## Required work
In the records below, find the line containing "谁有中国舞、 民族舞、的音乐 民族舞要温柔舒缓一点的适合13岁左右..." and the line containing "热血江湖手游：逍遥真仙装备打造指南：如何选择和升级装备". Give again exactly those lines and every line between them, omitting the pictures.

## Records to process
....
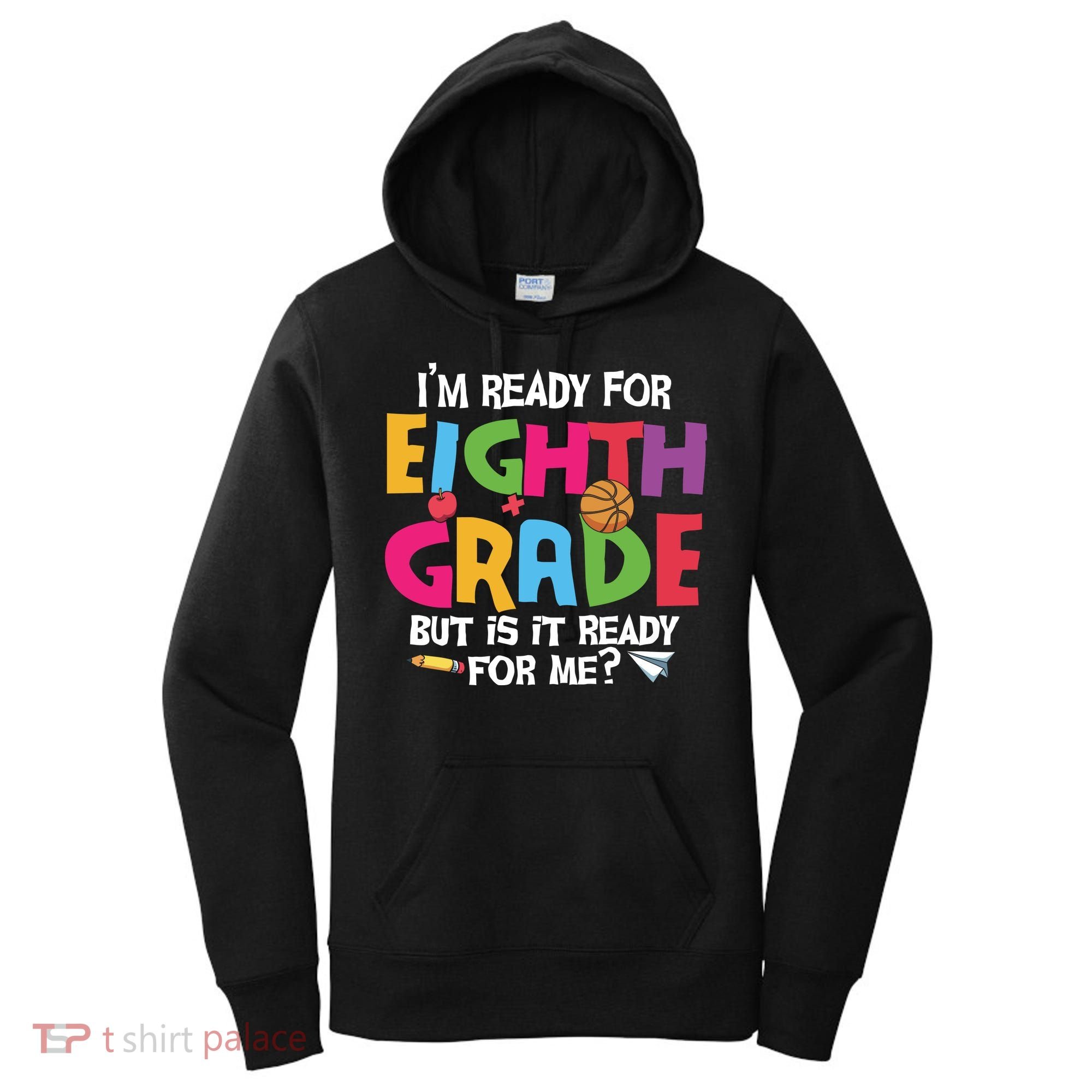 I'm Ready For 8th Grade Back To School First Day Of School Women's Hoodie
....
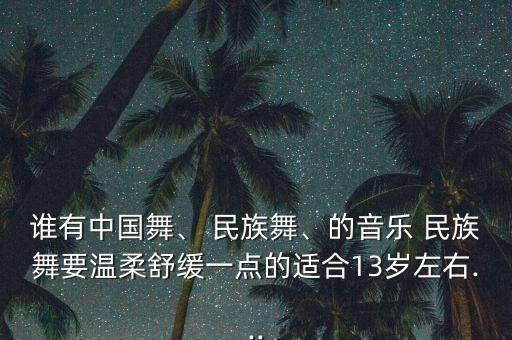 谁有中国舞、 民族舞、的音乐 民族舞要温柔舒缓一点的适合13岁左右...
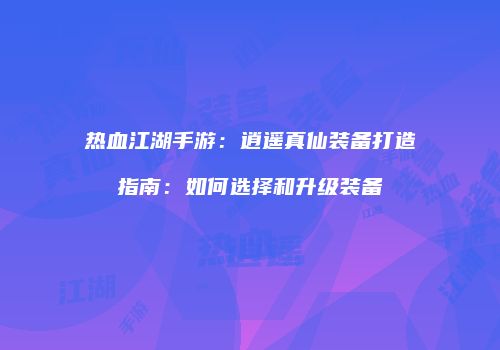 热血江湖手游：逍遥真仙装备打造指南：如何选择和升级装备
....
## Exercise output
 谁有中国舞、 民族舞、的音乐 民族舞要温柔舒缓一点的适合13岁左右...
 热血江湖手游：逍遥真仙装备打造指南：如何选择和升级装备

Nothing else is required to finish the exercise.